A mapping $f:X\to Y$ between metric spaces $(X,d_X)$ and $(Y,d_Y)$ is called an isometry if it preserves distances, i.e.
$$d_Y(f(a), f(b))=d_X(a,b)\text{ }\forall\text{ } a,b\in X$$

My question is:
Is an isometry necessarily surjective? If yes, how can we prove it? If no, is there any counterexample?

My guess is yes. To show that a function is surjective we need to show for all $y\in Y$, there exist some $x\in X$ such that $y=f(x)$.
Let’s suppose $f$ is not surjective, then there exist some $y_1\in Y$ such that for all $x\in X$, $y_1\neq f(x)$. Then $d_Y(y, y_1)$ is well defined but $d_X(x, x_1)$ is not defined because there is no $x_1$ such that $f(x_1)=y_1$. Hence $f$ is not an isometry, a contradiction. Therefore $f$ must be surjective.

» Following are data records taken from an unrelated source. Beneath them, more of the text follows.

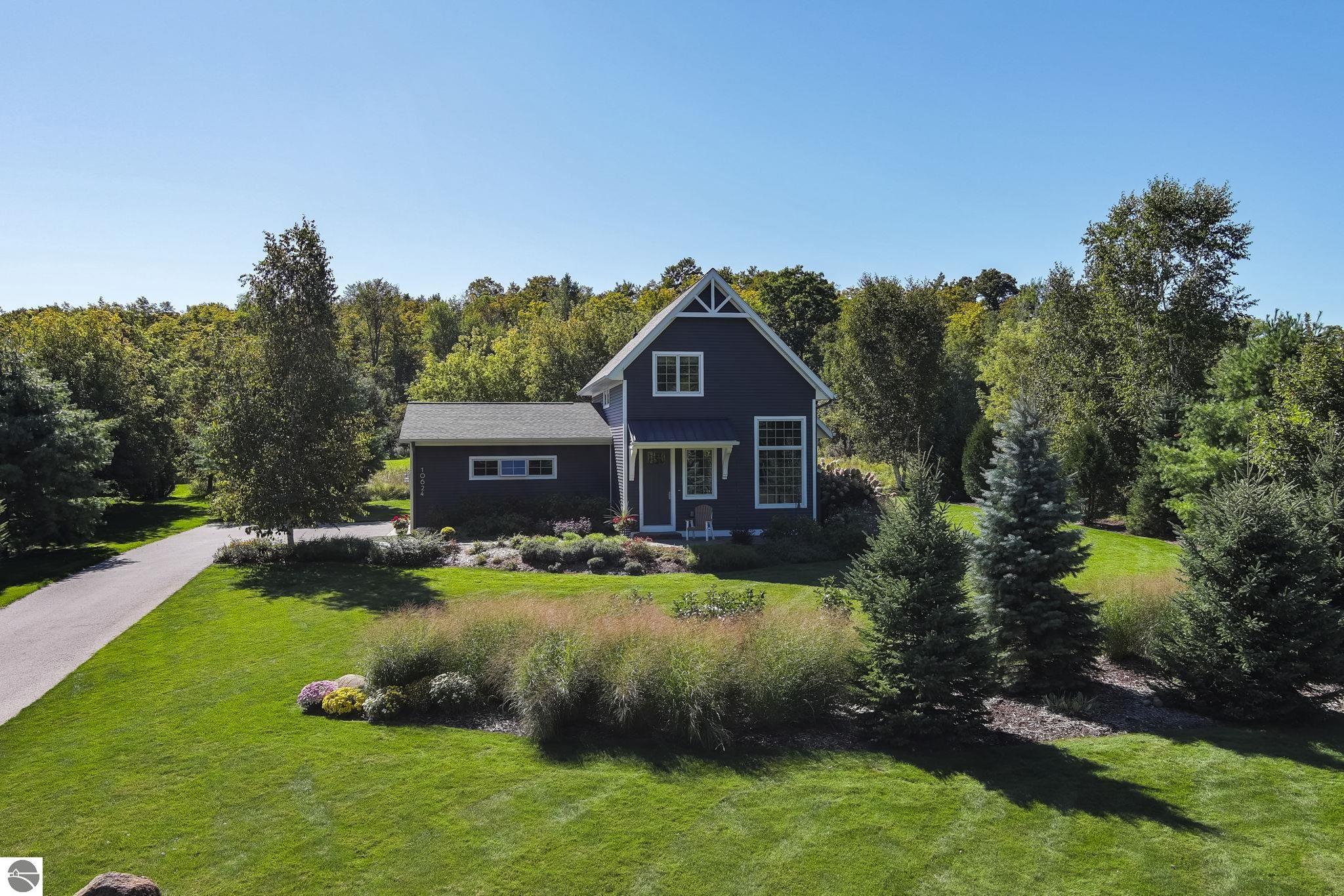 Dark blue two-story house with a steep gable, attached garage, and landscaped lawn.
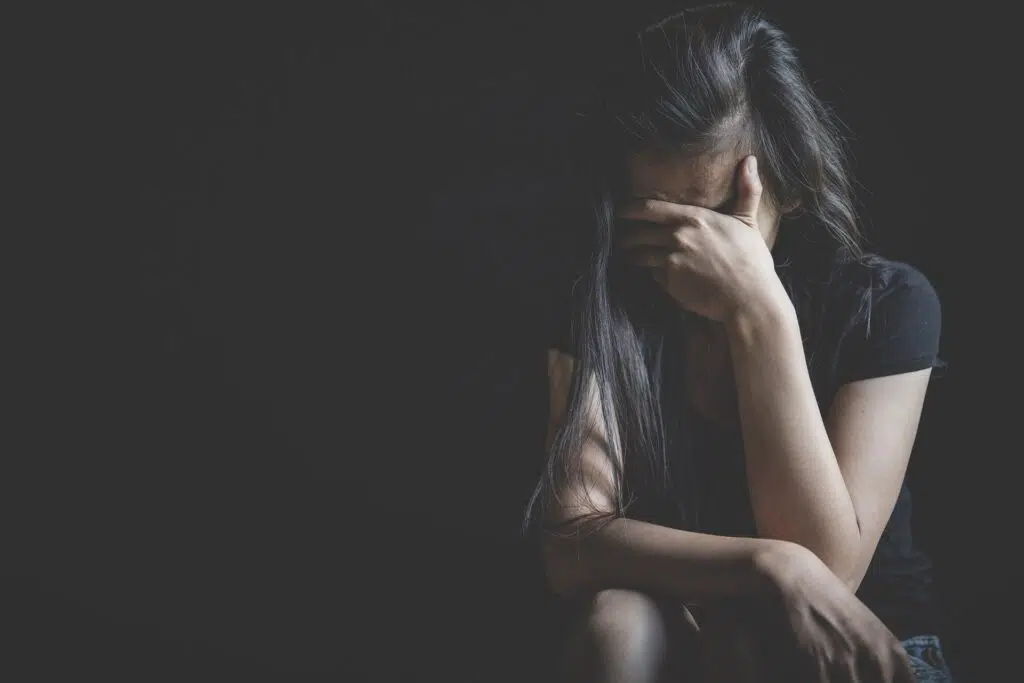A Woman Hides Her Face in the Dark | Domestic Violence Lawyer | The Hemmat Law Group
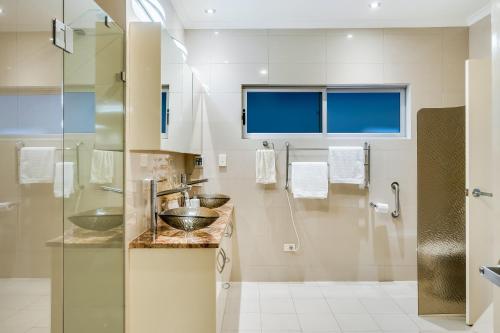 a bathroom with two sinks and a shower at Swainson on Paruna in Port Adelaide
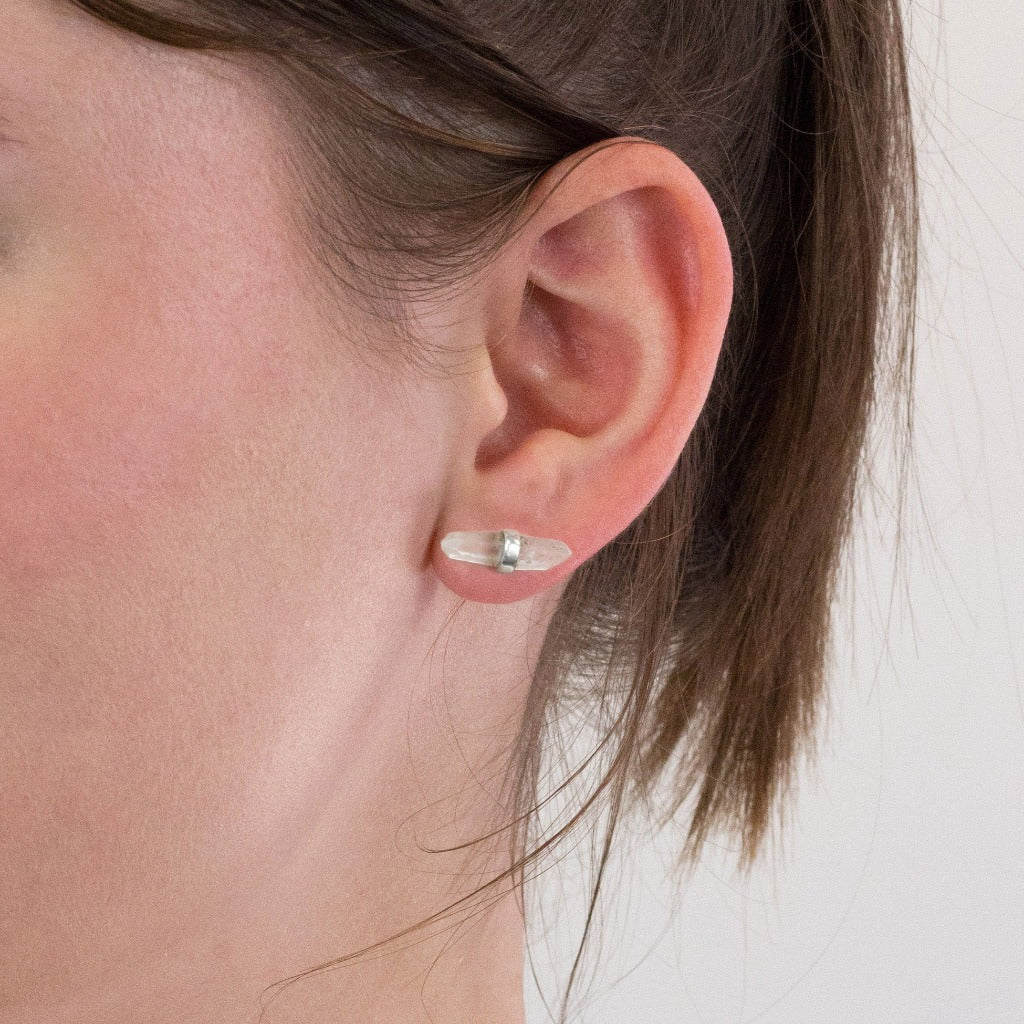 Laser Quartz stud earrings on model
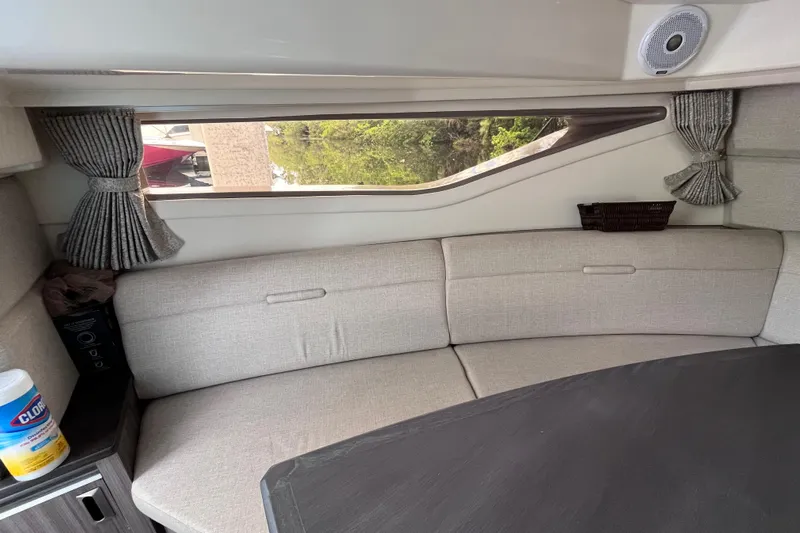 Blu Yacht Photos Pics Interior of 2020 Sea Ray Sundancer 320 Outboard with beige seating and window view.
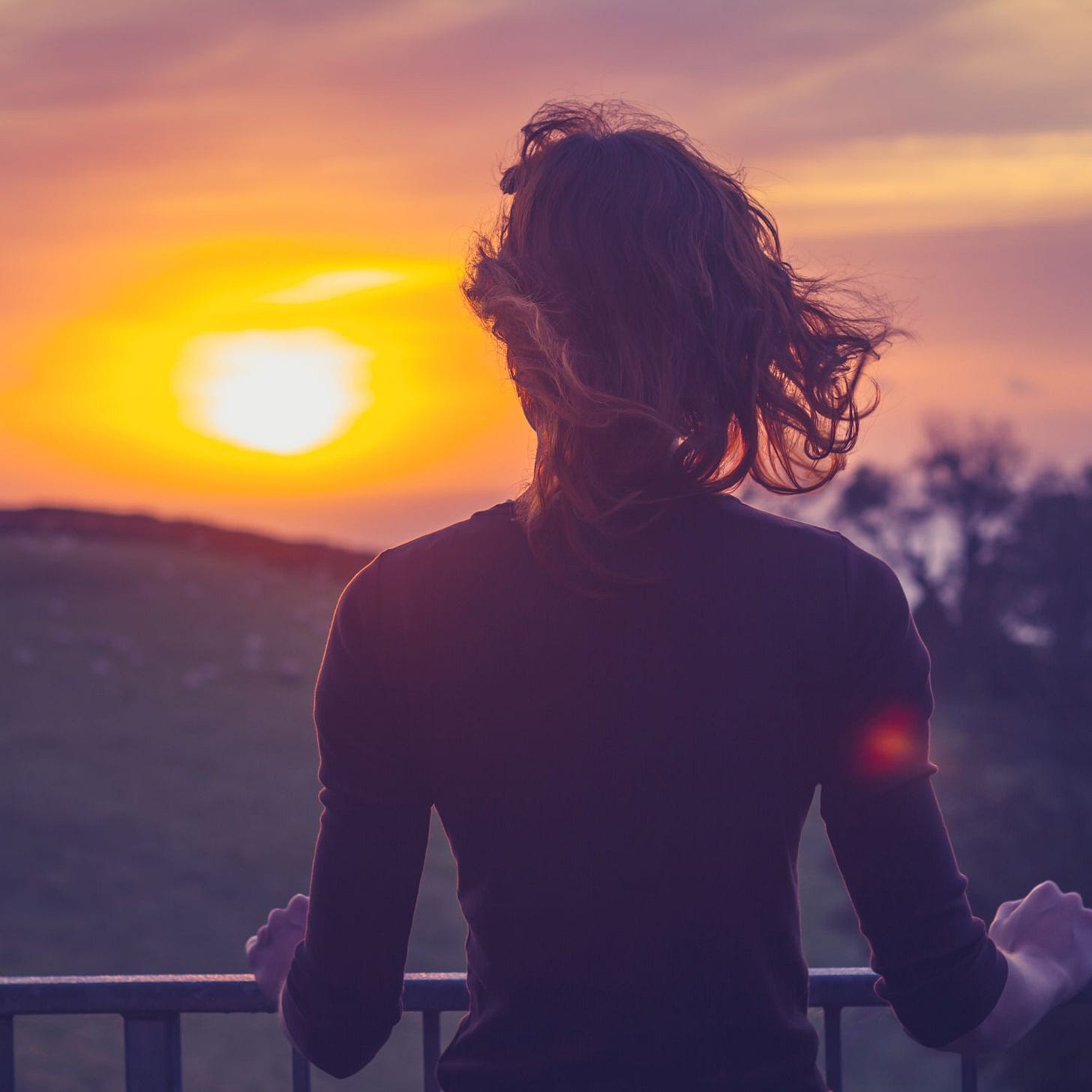 woman admiring sunset from her balcony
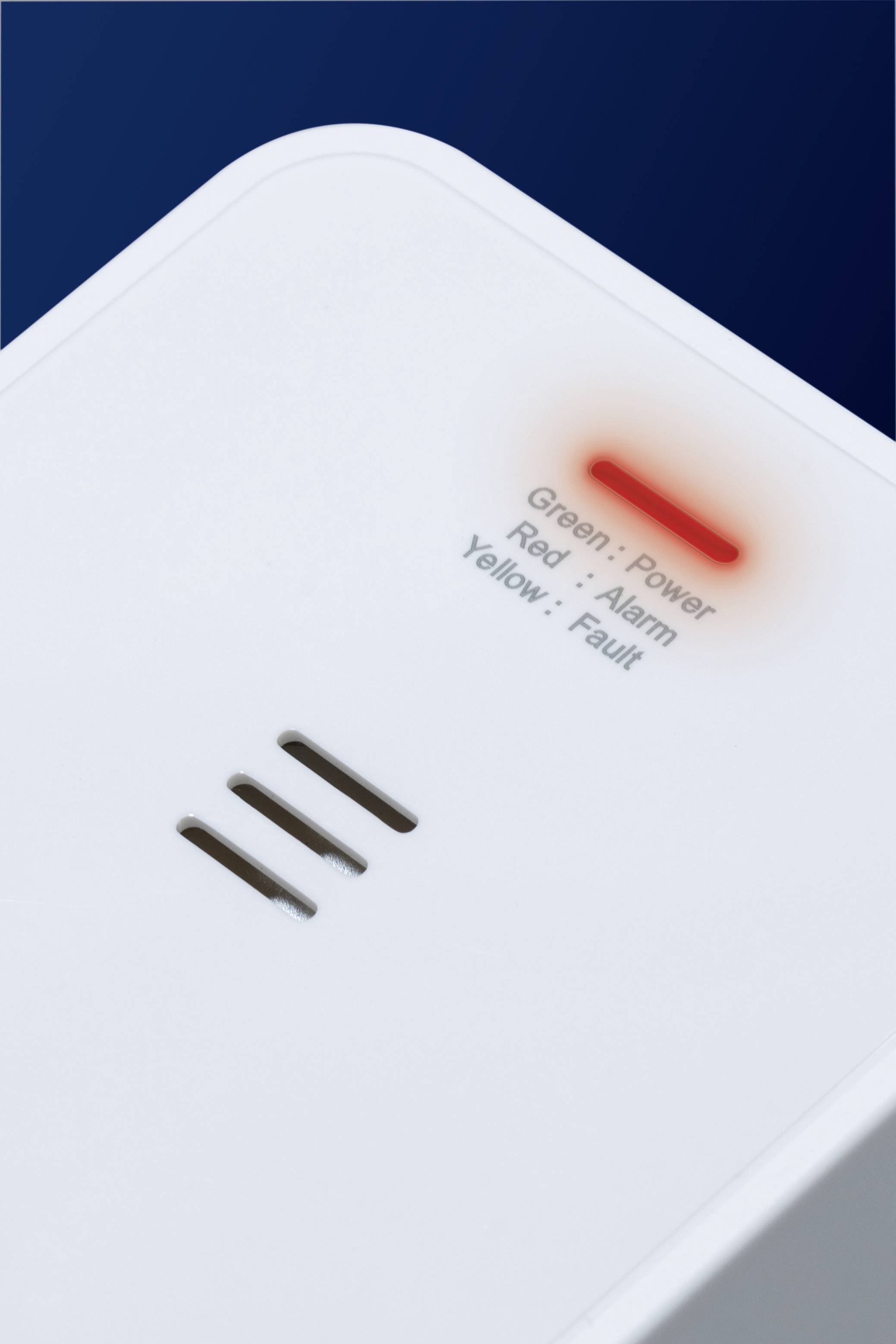 En hvid elektronisk enhed med lamper: Grøn for 'Strøm', Rød for 'Alarm', Gul for 'Fejl'. Den røde lampe er aktiveret.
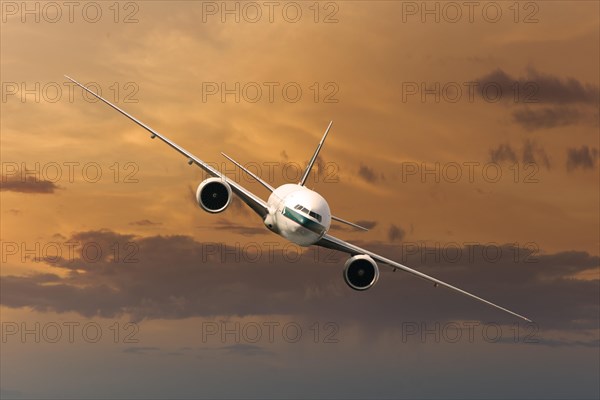 Cathay Pacific Boeing 777-367 ER in flight in the evening light
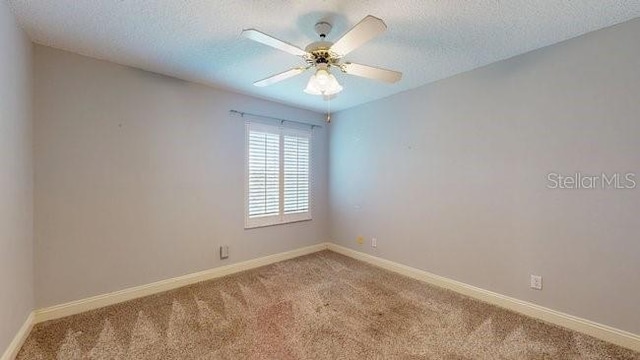 carpeted empty room featuring a ceiling fan, baseboards, and a textured ceiling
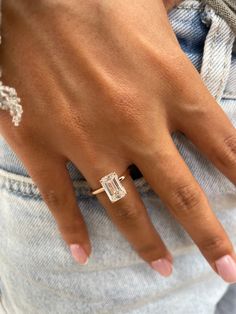 a close up of a person's hand with a diamond ring on their finger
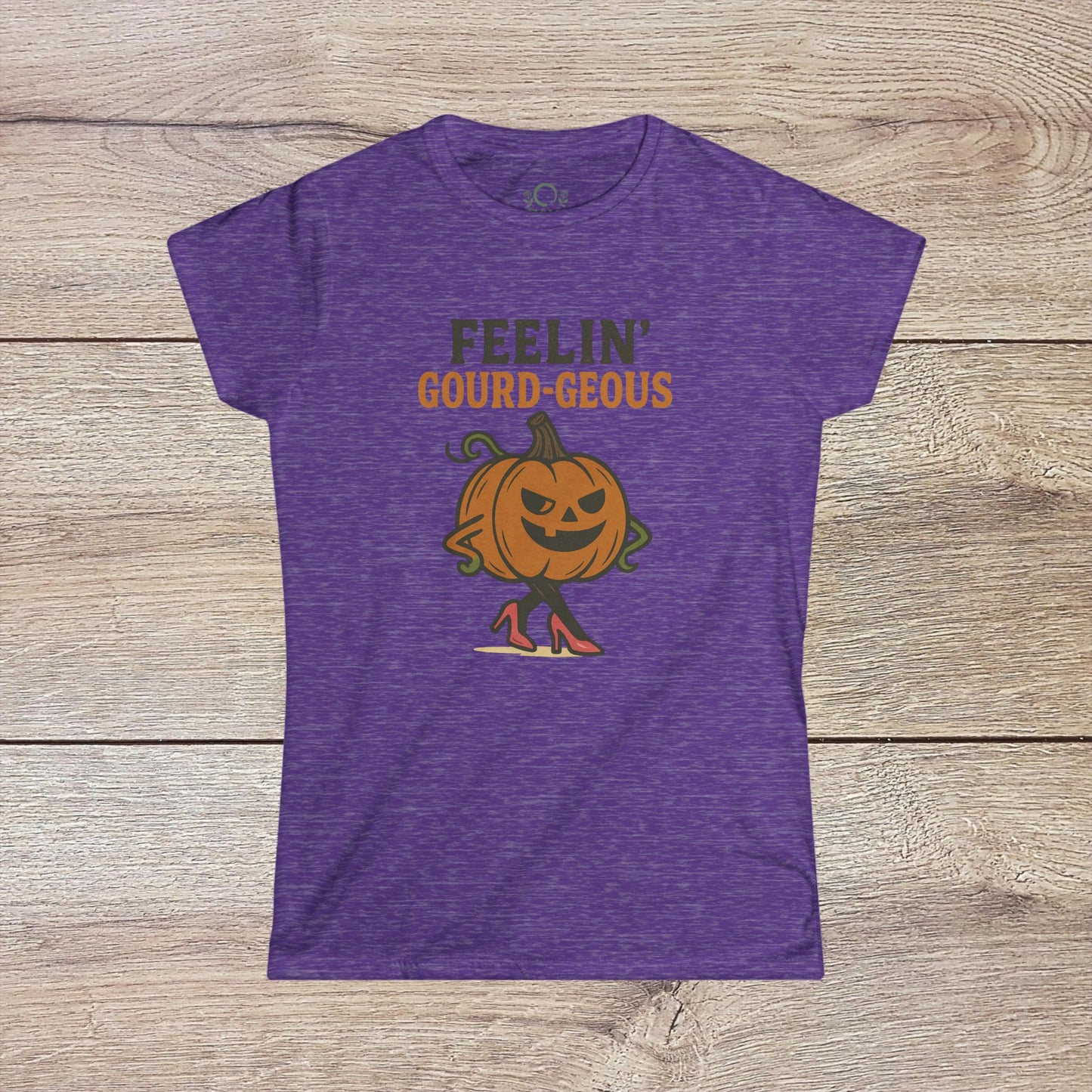 Gourd-geous Halloween Pumpkin T-Shirt in purple, designed with a chic pumpkin graphic in heels, perfect for trendy fall apparel.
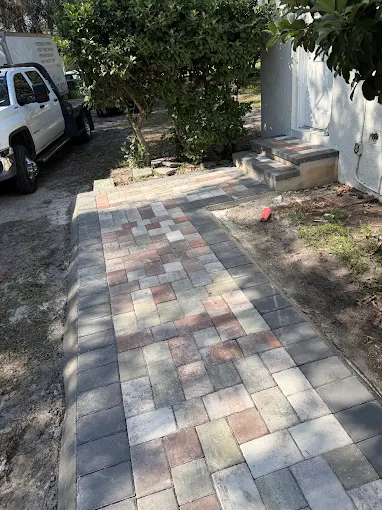 Multi-coloured paver driveway and entry steps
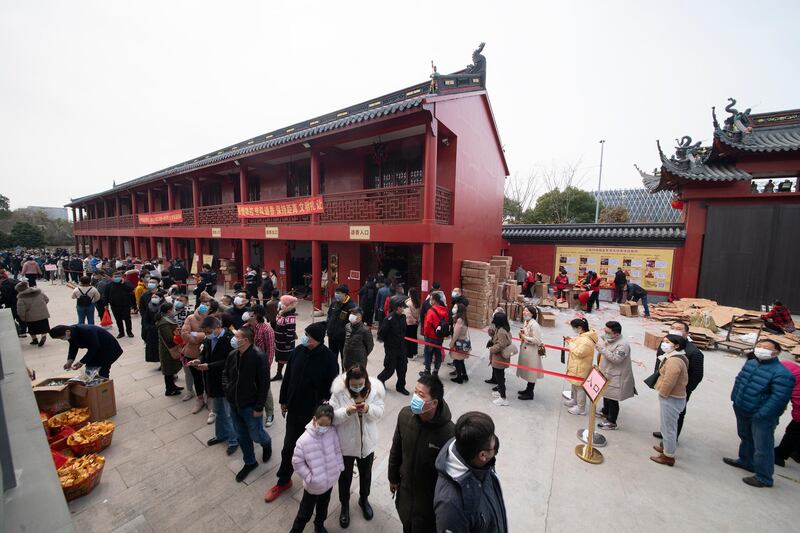 People wait in line to pray at a temple in Shanghai, China. Today marks the fifth day of Spring Festival celebrations in China. Getty Images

I am not sure whether my argument is correct. I would really appreciate any help that shows whether it must be surjective or not and suggestion to improve my proof or counterexample.

Thanks very much!

#### Solutions Collecting From Web of "Is an isometry necessarily surjective?"

In mathematics, an isometry is a distance-preserving injective map between metric spaces.
(Ref: https://en.wikipedia.org/wiki/Isometry)

Now the argument that you are giving is flawed because $d_X(x, x_1)$ is well defined the moment you gave the metric $d_X(,)$.
The isometry respects the metrics in $X$ and $Y$ through the relation $$d_Y(f(a), f(b))=d_X(a,b)\text{ }\forall\text{ } a,b\in X$$ and it does not define the metric $d_Y(,)$.

Consider the following linear map on the Hilbert space $l^2(\mathbb{N})$. Define $T : l^2 \to l^2$ by
$T((x_1,x_2,….)) = (0,x_1,x_2,…)$.

Clearly $T$ is an isometry, but not onto.